Adolescente denuncia agressão homofóbica em abrigo do Distrito Federal: “Vi*do feio”

Um adolescente de 17 anos interno de uma unidade de acolhimento do Distrito Federal denuncia ter sido vítima de agressões físicas por outros jovens do centro. Segundo ele, o ataque foi motivado por homofobia.

Em entrevista ao portal Metrópoleso estudante informou que as violências físicas e verbais são constantes. Ele conta que no último sábado (06/11), alguns internos se reuniram ao redor dele para “implicar” e chamá-lo de “viado feio”. Incomodado, o adolescente pediu que parassem. No entanto, foi ameaçados por uma das meninas que praticava o bullying: “Vi*do não é para estar aqui dentro. Tô doida para dar um soco na sua cara”, disse. De acordo com o menor, mesmo pedindo para que não o agredissem, a menina passou a agredi-lo com socos, chutes e unhadas.

Ainda de acordo com a vítima, a agressora tinha uma faca na mão, mas disse que ficou com “dó de usar”. O rapaz relembra ter visto o vigilante do serviço de acolhimento acompanhando a cena, porém, ele só teria interferido quando percebeu que o ataque não pararia. Após ficar bastante machucado, o jovem disse ter ligado para a polícia. Os agentes foram até a unidade e o orientaram a ir, acompanhado, até a delegacia com o intuito de registrar o boletim de ocorrência e realizar o exame de corpo de delito no Instituto Médico Legal (IML). Porém, segundo ele, os funcionários se recusaram a levá-lo por causa de “bica-bica de adolescente”.

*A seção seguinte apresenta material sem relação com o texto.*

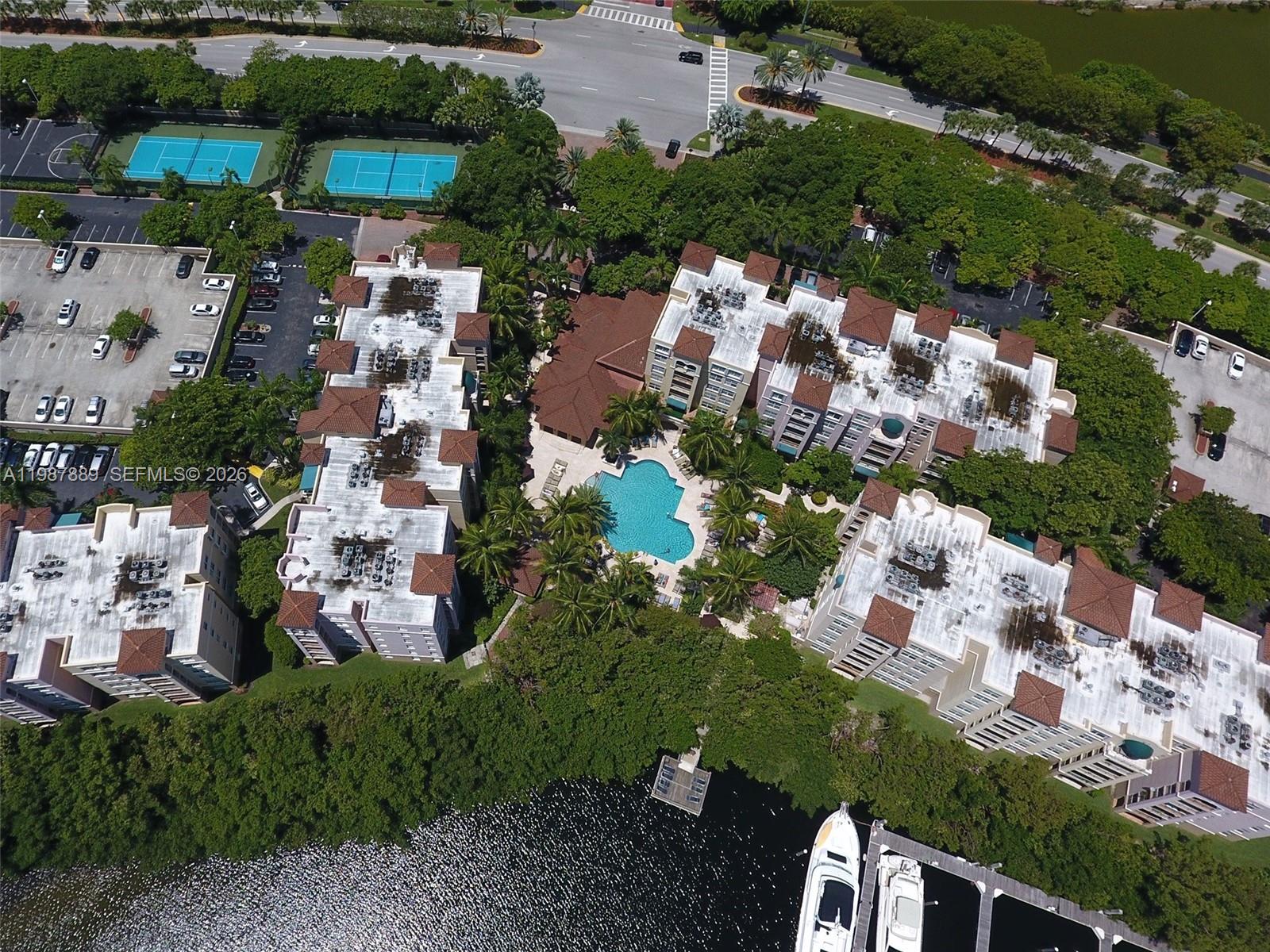 19901 E Country Club Dr #2206, Aventura FL 33180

Com a ajuda do filho de uma cuidadora com quem tem amizade, ele foi até a Delegacia da Criança e do Adolescente II e registrou ocorrência de lesão corporal e fez o exame médico. Segundo a reportagem, o adolescente veio do Ceará para o DF, há cerca de seis meses, em razão de conflitos com os parentes, por não aceitarem sua sexualidade. E, desde então, mora no centro de acolhimento administrado pela Secretaria de Desenvolvimento Social (Sedes). Em nota, o centro disse que “repudia, com veemência, atos de violência contra qualquer pessoa, seja acolhido, assistido ou servidor”. A polícia aguarda o laudo do IML dos dois jovens para encaminhar ao Tribunal de Justiça do Distrito Federal e dos Territórios.